Local eating, figs for spring

         I'm a local eater in a big way. Two weeks ago I bought my first strawberries since last summer, and truly, absense does make the heart grow fonder. And the fruits of waiting are very sweet.

            Once in awhile, I just have to eat something from far away. I've spent the last few years sorting out my own personal food choices - and food choices are just that -incredible personal (and political). There's a few things I'm not willing to give up, for example, bananas and chocolate. But for foods like these, it's possible to be fair and environmental. Fair trade, organic bananas are available at quite a few places in Toronto. It's a step up from organic, where farmers are free from harmful pesticides, but are still only paid around a dollar per box. Fair trade means the farmers are getting fair market prices: around 8 dollars a box. The difference to us? Actually the same price as organic bananas, around $1.29 a pound. That's where the personal choice comes in. Am I in a position to spend 40 cents more than commercial bananas to ensure what I'm eating is not harming farmers, and that those farmers are getting enough money to reasonably make a living? Chocolate? Same deal. Cocoa Camino is my favorite organic fair trade brand, but there's a bunch out there.

           So here's something I eat a few times a year. Figs have a unique taste. And, along with bananas, they were one of the first plants to be cutivated for human consumption, around 11,000 years ago. Here's a fig salad, surrounded by some local ingredients.

Strawberry Fig Salad
makes 2 servings
8 figs, sliced crosswise across the top (see picture)
1 cup strawberries, sliced
1/4 cup goat cheese
1/4 cup toasted walnut pieces
2 tbsp grapeseed oil (or olive oil)
1 tbsp balsamic vinegar
1 tbsp maple syrup
salt and pepper

         Combine strawberries and figs in a bowl. Crumble goat cheese and walnuts over top. Whisk together the oil, vinegar, maple syrup, salt and pepper. Drizzle over salad.
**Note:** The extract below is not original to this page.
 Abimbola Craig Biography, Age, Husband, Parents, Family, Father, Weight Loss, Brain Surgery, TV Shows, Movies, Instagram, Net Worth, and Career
          This is what I ate with the salad. I had all the fixings for an awesome pizza, but I have yet to tackle gluten-free pizza dough. Instead, I made a big giant rosti (recipe here) and then broiled it for a few minutes, covered in sliced tomatoes, basil leaves, kamalata olives and raw milk feta. It was delicious.

Wednesday, June 17, 2009

gardening in the rain

My garden's been slow to get going this year - cold May weather, too much work, too much graduating and partying. Yesterday I finally had a whole day to weed, plant, mulch and tidy. At least a hour of that was spent wading through the lamb's quarters that were engulfing my snow peas and beets. 

The squirrels and cats have been (mostly) foiled by large amounts of chicken wire covering every possible surface. Something small is still getting in, but it definitely isn't my 15 pound cats. They aren't that agile.

Foraging in the recycling bin has become a habit - containers for seed starting, toilet paper rolls for protecting tomato seedlings, water and pop bottles for make-shift cloches. 

Also, I've discovered the joys of gardening in the rain. No bugs, no sun, nice temperature, and soil so easy to work with! Nice spring surprise- (below) I'm overjoyed to see that my cosmos and cilantro both re-seeded themselves!

Visiting farmer's markets over the past month, I've been tempted by a few tasty-sounding tomato plants. Along with the five Matt's Wild Cherry I grew from seed, there's a Green Zebra, two Purple Cherokees, four Candy Cherries, two Golden Cherries, and a giant Plum - with tomatoes growing already! I'm also growing peppers for the first time - Marconi Long Red and Purple Beauty.